In stitches: The comic will make his big screen debut as a psychotic undead clown in the new horror comedy Stitches, which is released on October 26. In the movie, Noble plays a clown who returns to wreak revenge after he is accidentally killed at a children's party.
It has been two years since surreal funnyman Ross Noble stood on a comedy stage – but now he's back. But is the Geordie comic worried he may have lost it? Ian Midgley finds out
Z ombie clowns, electric lemons, Bernard Manning's band and what would happen if he was Harold Bishop from Neighbour's boyfriend are just a few of the things fizzing through Ross Noble's brain today.
To be fair, it is just a typical day inside the Geordie funnyman's noggin. If a minute goes by without a monkey riding a unicycle through his grey matter, there will usually be two pedalling through shortly afterwards, wearing hats, to make up for it.
It must be exhausting being this perpetually surreal, twisting reality for comic effect 24 hours a day.
That is why, two years ago, the 36-year-old decided to take a break – and try his hand at leading what the rest of us call "a normal life".
"I was supposed to be having a break," says the affable and always engaging Geordie, who remains one of the most successful live comedians working today.
"I decided to take a step back from doing the big tours, have a bit of a rest and enjoy myself. I just thought a bit of a recharge of the batteries would do me good.

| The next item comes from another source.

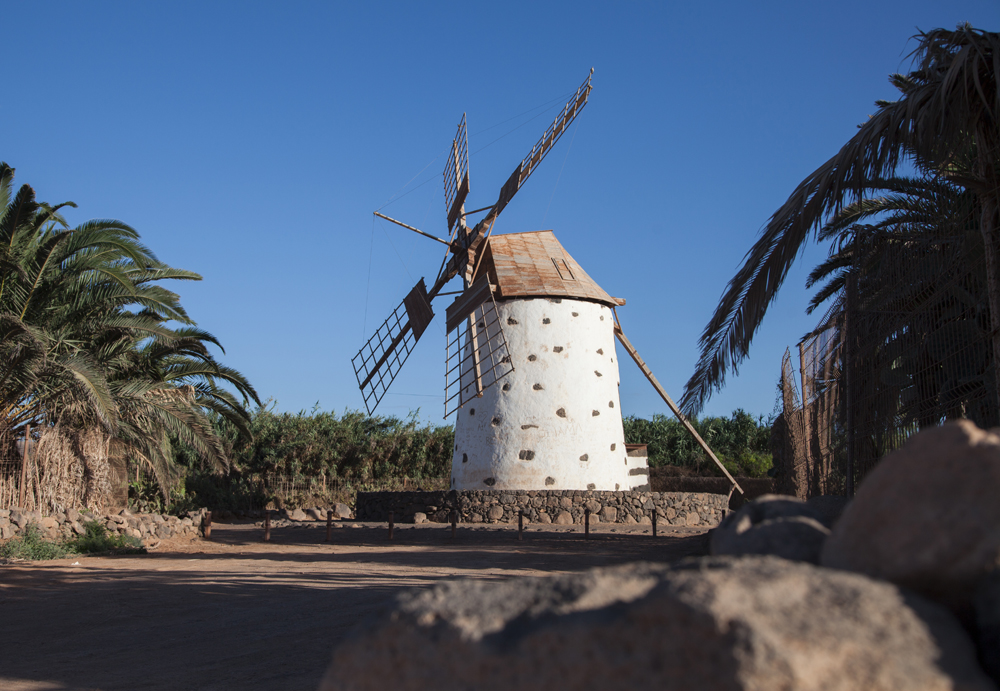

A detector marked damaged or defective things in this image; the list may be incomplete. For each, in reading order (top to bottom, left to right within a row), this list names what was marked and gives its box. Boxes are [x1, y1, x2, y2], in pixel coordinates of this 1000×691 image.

rusty metal roof panel [478, 230, 616, 306] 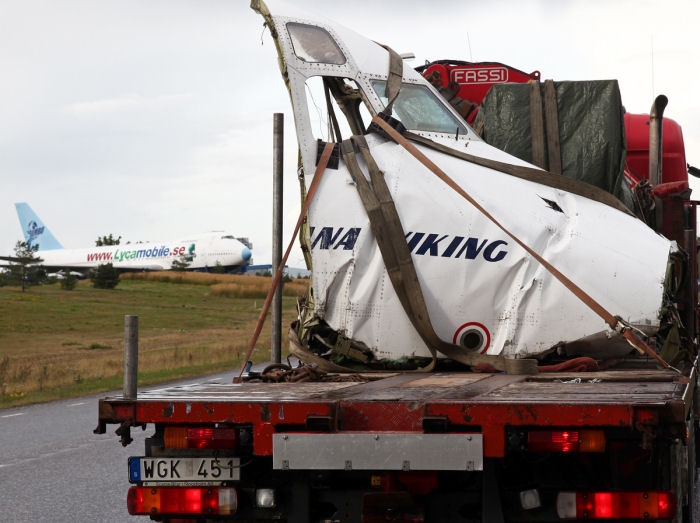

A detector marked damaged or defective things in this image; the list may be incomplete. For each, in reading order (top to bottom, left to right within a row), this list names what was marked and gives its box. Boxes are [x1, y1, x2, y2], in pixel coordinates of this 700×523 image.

"But then, last year Eddie Izzard came along and asked me to do a Laugh In The Park, which was three nights playing to 10,000 people in this huge arena.
"Then Peter Richardson got in touch, said he was getting The Comic Strip back together and wondered if I would be interested in taking part?
"He said he'd written a part especially for me so it would've been rude to say no.
"So, long story short, my time off ended up being quite busy.
"But stand-up wise this is the first tour I've done in ages – and I'm actually quite looking forward to it."
Noble self-deprecatingly describes his latest foray into the realms of madness, called Mindblinder, as his "usual old nonsense".
For a comedian who is celebrating his 20th year in the business ("I started when I was foetus" is his excuse) he is still remarkably inventive.
He is not quite sure what he will be talking about when he arrives at Hull City Hall, on Saturday, October 28, because, he says, he hasn't "unleashed the gremlins" in his head that write the jokes yet. They usually turn up just before he walks on stage.
The upside of this is no two nights on his 49-date tour are the same.
The downside of this is, he says, after not doing it for a while you just hope the gremlins haven't moved out.
So, after such a long stretch away, did he ever worry that he wouldn't be able to recapture his comedy mojo?
"There was an element of that," he says.
"I did my first show back in Hobart, in Australia, and before I went on I was worried – you know, what if I've lost it?
"But it was actually amazing. More than anything it made me realised how much I'd missed it.
"Stand-up is a bit like a drug. Once you get a laugh, you want another, and another.
"You can get addicted to it.
"One thing I realised, and I don't want to sound big-headed here, is that if you have people giving you standing ovations and weeping with laughter you can become quite blasé about it. When you come on and get that first laugh, you realise 'oh yes, that's why I do it'."